• **THE TASK**:
Below are some records. Write out exactly their lines from the one with "Isometric illustration of" through the one with "Chinoiserie Floral Garden", and leave the pictures behind.

[Items from a dataset]
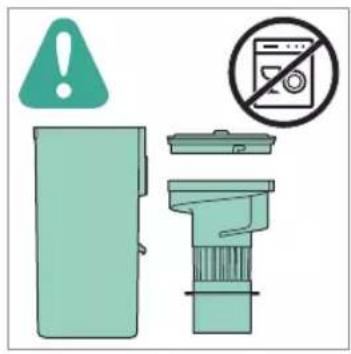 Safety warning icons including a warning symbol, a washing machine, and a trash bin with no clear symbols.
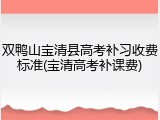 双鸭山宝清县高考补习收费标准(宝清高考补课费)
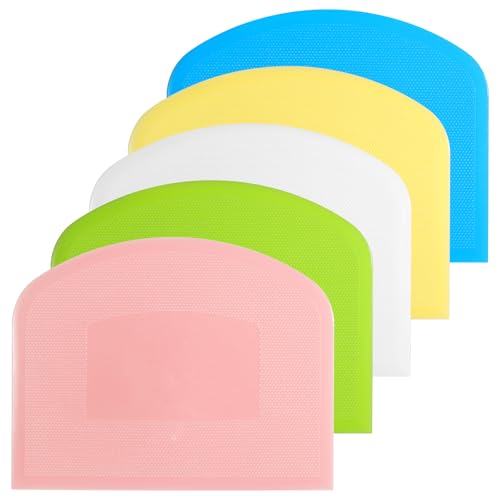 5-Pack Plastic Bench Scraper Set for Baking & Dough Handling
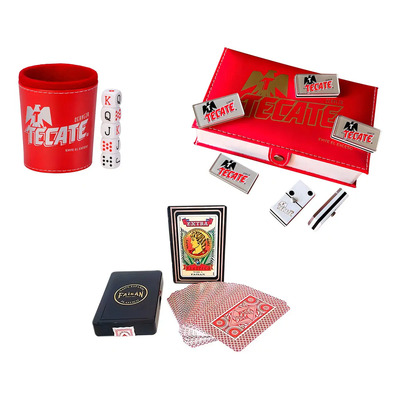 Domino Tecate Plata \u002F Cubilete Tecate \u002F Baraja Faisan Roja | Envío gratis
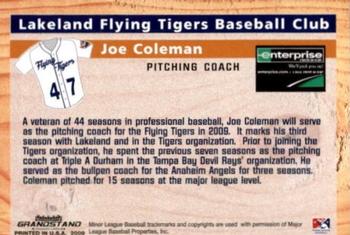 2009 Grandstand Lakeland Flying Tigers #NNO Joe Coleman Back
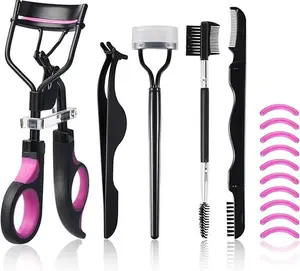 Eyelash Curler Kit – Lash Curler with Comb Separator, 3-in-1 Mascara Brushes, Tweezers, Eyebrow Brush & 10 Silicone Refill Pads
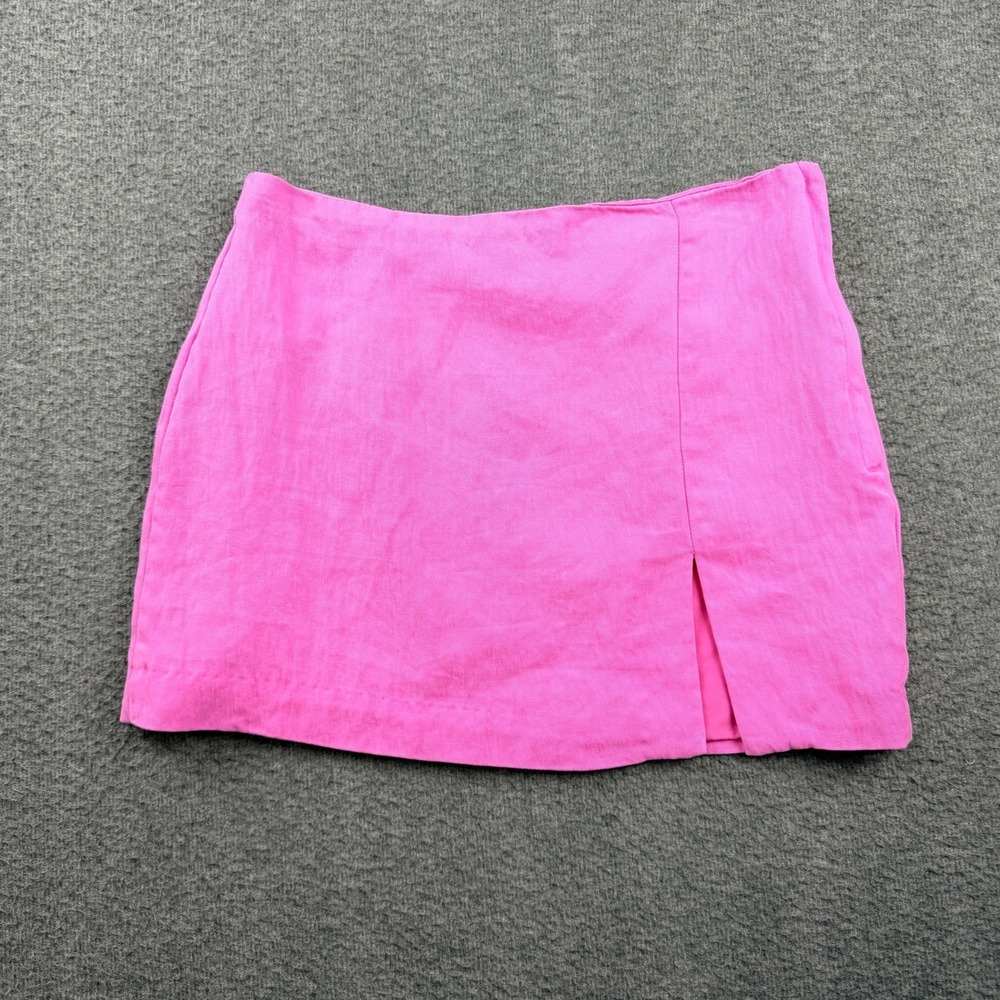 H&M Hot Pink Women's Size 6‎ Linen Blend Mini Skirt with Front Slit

--

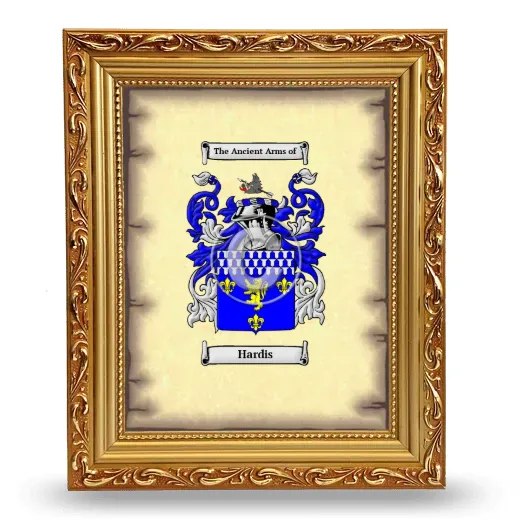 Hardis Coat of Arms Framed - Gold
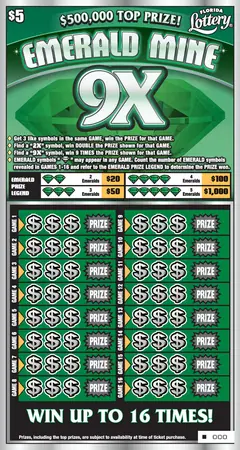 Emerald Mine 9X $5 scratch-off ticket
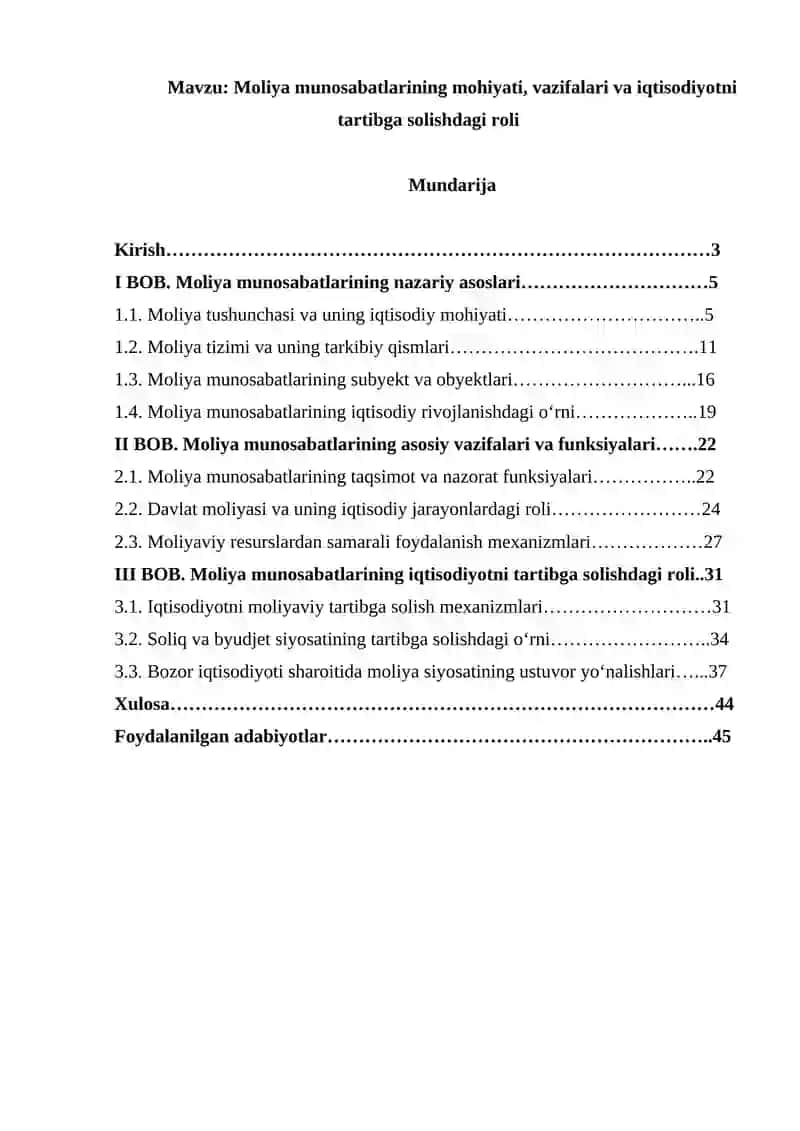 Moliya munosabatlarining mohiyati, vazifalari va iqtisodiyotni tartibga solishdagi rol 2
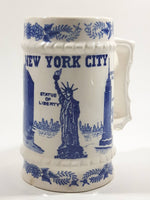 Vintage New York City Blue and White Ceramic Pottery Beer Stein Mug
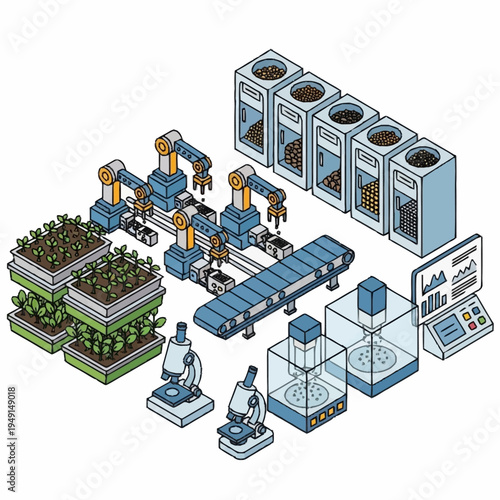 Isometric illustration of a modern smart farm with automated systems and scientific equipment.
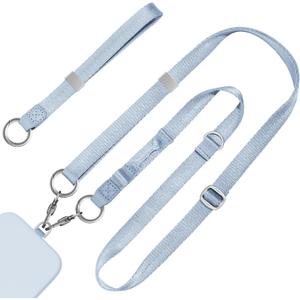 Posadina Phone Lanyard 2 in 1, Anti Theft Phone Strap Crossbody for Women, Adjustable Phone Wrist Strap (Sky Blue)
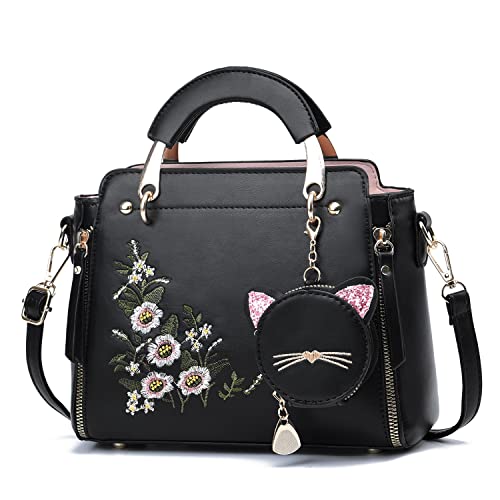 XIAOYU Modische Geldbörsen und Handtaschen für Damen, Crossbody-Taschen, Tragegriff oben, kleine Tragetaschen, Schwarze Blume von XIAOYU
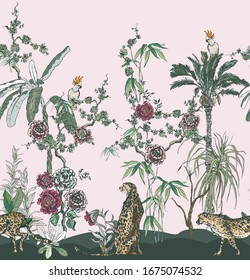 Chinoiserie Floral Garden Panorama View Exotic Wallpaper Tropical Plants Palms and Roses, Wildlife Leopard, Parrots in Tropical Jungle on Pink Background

* * *

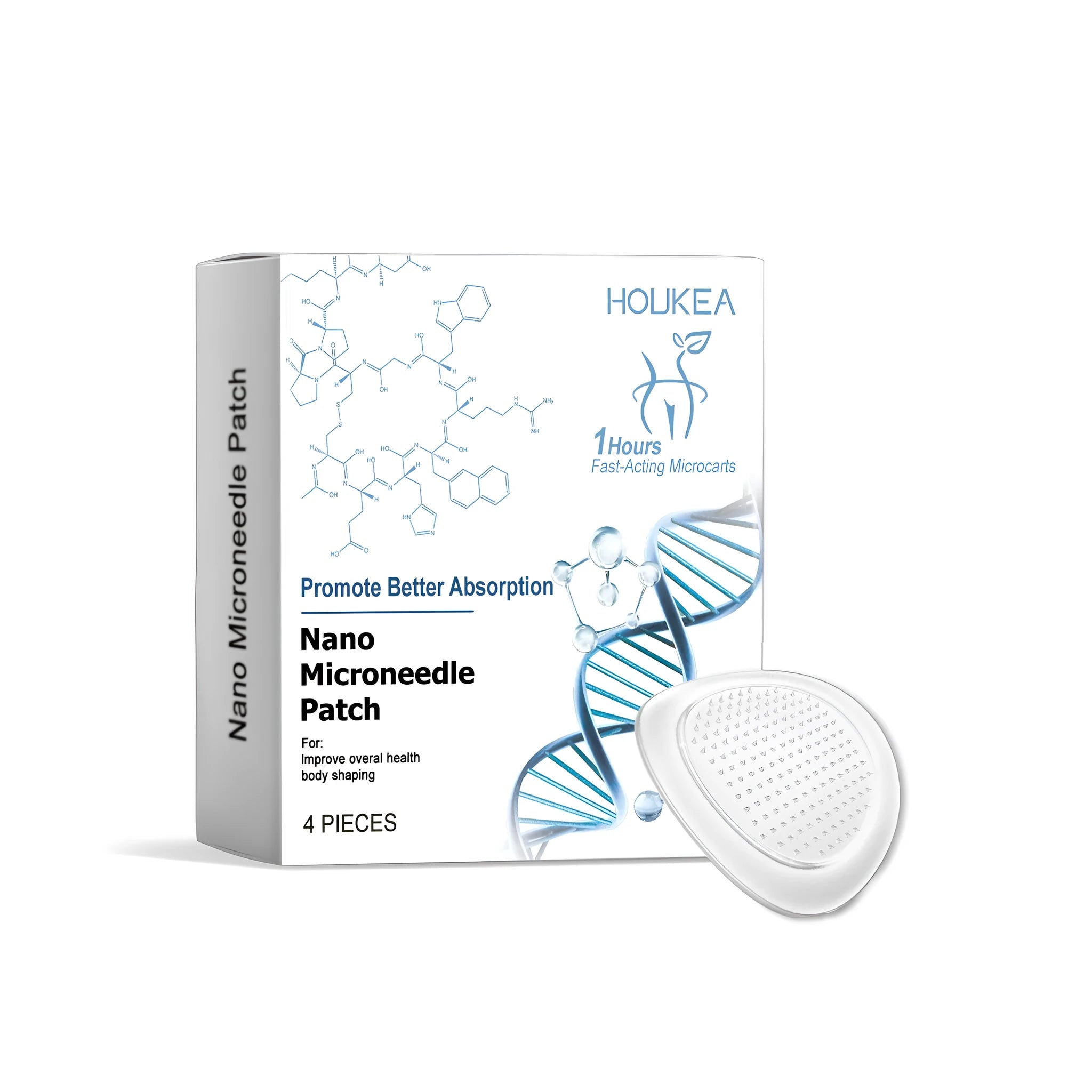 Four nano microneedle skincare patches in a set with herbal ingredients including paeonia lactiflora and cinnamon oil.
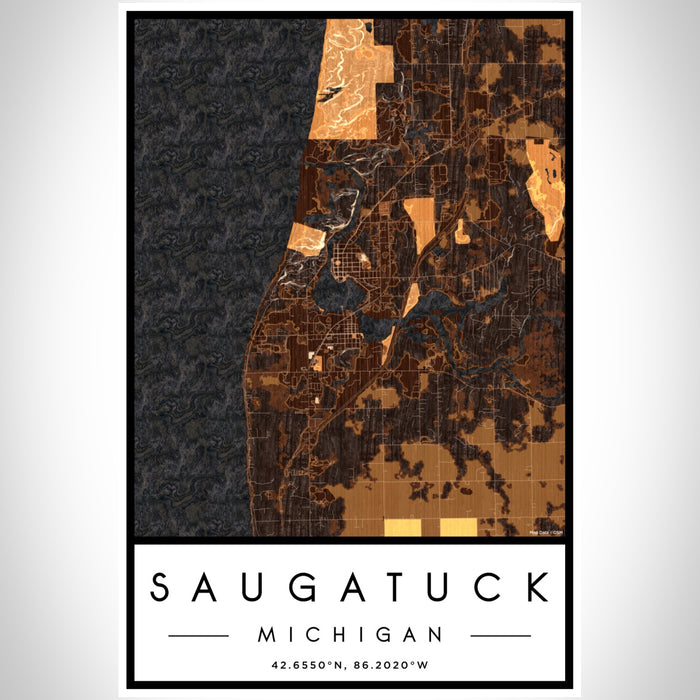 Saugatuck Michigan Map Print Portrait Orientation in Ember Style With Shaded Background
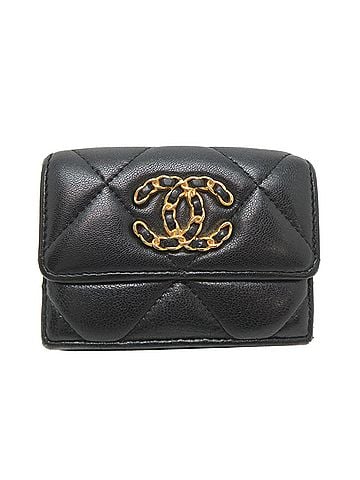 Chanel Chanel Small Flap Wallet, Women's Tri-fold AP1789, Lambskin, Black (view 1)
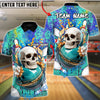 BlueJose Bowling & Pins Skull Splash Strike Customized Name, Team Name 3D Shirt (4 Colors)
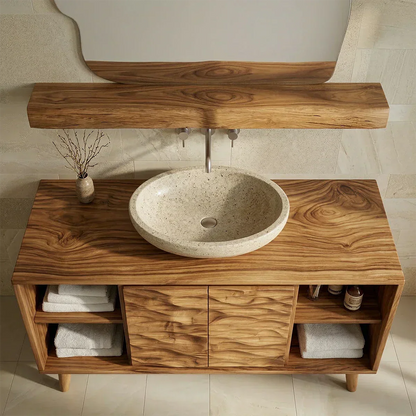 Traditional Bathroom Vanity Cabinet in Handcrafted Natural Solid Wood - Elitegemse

• **WRITTEN ANSWER**:
 Isometric illustration of a modern smart farm with automated systems and scientific equipment.
 Posadina Phone Lanyard 2 in 1, Anti Theft Phone Strap Crossbody for Women, Adjustable Phone Wrist Strap (Sky Blue)
 XIAOYU Modische Geldbörsen und Handtaschen für Damen, Crossbody-Taschen, Tragegriff oben, kleine Tragetaschen, Schwarze Blume von XIAOYU
 Chinoiserie Floral Garden Panorama View Exotic Wallpaper Tropical Plants Palms and Roses, Wildlife Leopard, Parrots in Tropical Jungle on Pink Background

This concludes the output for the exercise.